9. Chapter Summary & Connections

  • The growth hierarchy O(1) < O(log n) < O(n) < O(n log n) < O(n²) < O(2ⁿ) < O(n!) is strict: every entry eventually dominates all entries to its left, regardless of constant factors.

  • O, Ω, Θ notation provides the vocabulary to state growth comparisons precisely. The limit test lim f/g identifies the relationship cleanly.

  • Stirling’s approximation n! ≈ √(2πn)(n/e)^n shows that factorial growth has an exponent that itself grows — placing it above any fixed exponential.

  • Empirical complexity measurement via log-log slope fitting is a practical tool for characterizing black-box algorithms.
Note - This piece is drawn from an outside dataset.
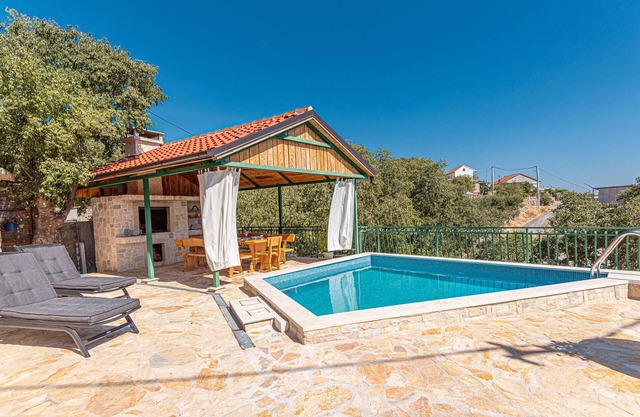 2 bedroom beautiful home in Milinkovica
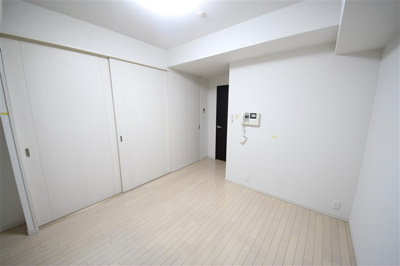 【洋室】 | S-RESIDENCE難波Viale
Backward connection: This chapter synthesizes the growth behavior from ch042 (Exponential Growth), the scale intuition from ch044 (Logarithmic Scales), and the exponent arithmetic from ch041 (Exponents and Powers) into a single comparative framework.

Forward connections:

  • ch047 (Orders of Magnitude) applies this hierarchy to physical and computational scale — connecting growth rates to real measurements.

  • The asymptotic notation introduced here is used throughout Part VI (Linear Algebra) to analyze matrix multiplication cost — O(n³) naive vs O(n^{2.37}) for Strassen-type algorithms.

  • The factorial count of permutations connects to ch253 (Probability Rules) — n! is the number of ways to arrange n items, the foundation of combinatorics.

Going deeper: Introduction to Algorithms (CLRS), Chapter 3 — the standard reference for asymptotic notation. The appendix contains the full proof that n^k = o(a^n) for a > 1.